(Data records)

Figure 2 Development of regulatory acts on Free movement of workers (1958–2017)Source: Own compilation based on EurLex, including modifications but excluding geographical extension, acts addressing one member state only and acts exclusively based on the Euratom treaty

(End Data records)
(Data records)

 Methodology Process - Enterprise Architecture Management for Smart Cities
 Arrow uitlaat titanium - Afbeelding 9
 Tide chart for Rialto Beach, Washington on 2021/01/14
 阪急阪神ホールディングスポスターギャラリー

(End Data records)

Your task:
Output should match, line for line, the stretch of the material above from the line holding "Arrow uitlaat titanium - Afbeelding 9" through the line holding "阪急阪神ホールディングスポスターギャラリー".

Task output:
 Arrow uitlaat titanium - Afbeelding 9
 Tide chart for Rialto Beach, Washington on 2021/01/14
 阪急阪神ホールディングスポスターギャラリー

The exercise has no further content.